Kecintaan seorang penyair pada jagad perpuisiannya. Interest cinta dan
kemanusiaan memang menjadi sumber tema atas inspirasi yang tak kunjung mengering;
sepanjang hayat penyair.
Begitu pun, saat membaca puisi-puisi
Pitra Suwita dan menggelagati di kedalamannya atas adanya dua perkara; nilai
dan makna atas pusinya.
Saya mengantarkan hadirnya kumpulan
puisi “Bulan Menggantung” ini, bukan dalam kapasitas sebagai esais sastra.
Melainkan lebih karena romantisme perkariban. Sebuah keintiman yang tak bisa
diukur dan dibelenggu dengan lamanya waktu, melainkan oleh intensitas proses
berkesenian yang dilandasi prinsip-prinsip kesetaraan.
Intensitas keintiman yang
memungkinkan saya untuk bergaul pula dengan ide-ide serta pemikiran
kepenyairannya.
Menggauli pemikiran kepenyairan,
menurut hemat saya, bukan dengan meminta penyair mengurai-jelaskan proses
kreatif puisi karyanya di hadapan sidang pembaca. Ihwal yang acapkali dianggap
merupakan tanggungjawab moral penyair, bukan lah “benang kusut” epistimologi
keterasingan jagad kepenyairan itu sendiri; yang lantas mewajibkan sang penyair
membumikan imajinasi transformatifnya.
Saya lebih mengimani pendapat
sebagian kritikus sastra, bahwa selepas puisi dari tangan dan ruang cipta sang
penyair, maka ia –puisi itu- tengah meniti takdirnya sendiri.
Hal ini berlaku pula bagi 59 puisi
karya Pitra Suwita dalam kumpulan ini. Dimana nilai dan makna menjadi taut
bagian dari perjalanan takdir itu. Menilai dan memaknai puisi, adalah wilayah
apresian yang tak pernah cukup memahaminya dengan melulu membaca secara
tekstual saja. Memahami sebuah karya sastra mesti lah dicerna dengan membaca
singkap konteksnya juga.
Beberapa puisi Pitra Suwita,
disamping sebagian kuat nuansa dan idiom kejawaannya, memang memadat pada
pilihan kata-kata yang sublim. Bahkan nyaris tanpa makna jika dibaca teks
verbalnya semata. Pada kesempatan ini saya mesti katakan bahwa membaca –secara
tekstual- saja atas puisi; tidak lah cukup sampai pada maknawiahnya. Pembaca
dapat menjadi bagian riwayat atas puisi itu sendiri, di tempat dan ruang mana
puisi jadi bertutur dengan bernas.
Menjadi bagian dari riwayat tutur
sastra puisi adalah ciri dasar entitas masyarakat apresian.

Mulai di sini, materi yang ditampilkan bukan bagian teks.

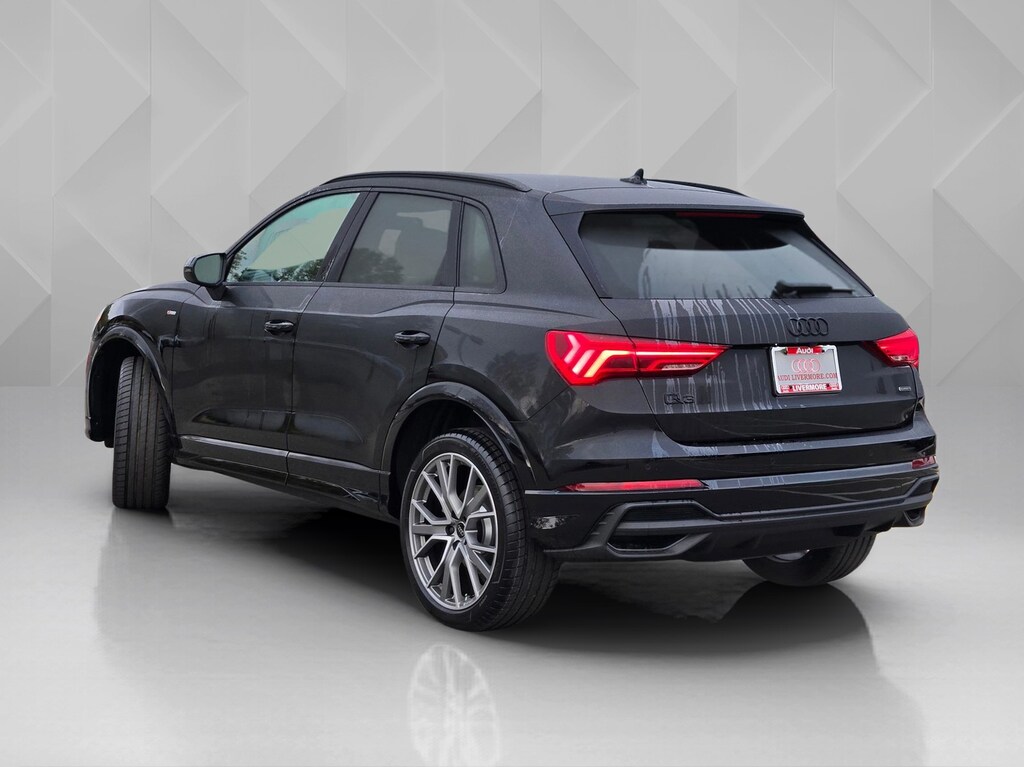New 2025 Audi Q3 45 S line Premium Plus SUV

Kalau lah pengantar ini tak cukup
halaman buat mendeskripsikan panjang lebar pergumulan saya dengan puisi dan
pemikiran penyairnya, maka semata-mata karena ihwal interpretasi atas puisi-puisi
dalam kumpulan ini merupakan wilayah yang dimerdekakan sepenuh-penuhnya ke
haribaan pembacanya. Kemerdekaan penuh itu, tentu, meniadakan tafsir tunggal
atas karya. Dimungkinkan ada ambiguitas makna atau bahkan keberagaman interpretasi,
karena pembaca juga memiliki kedaulatannya sendiri.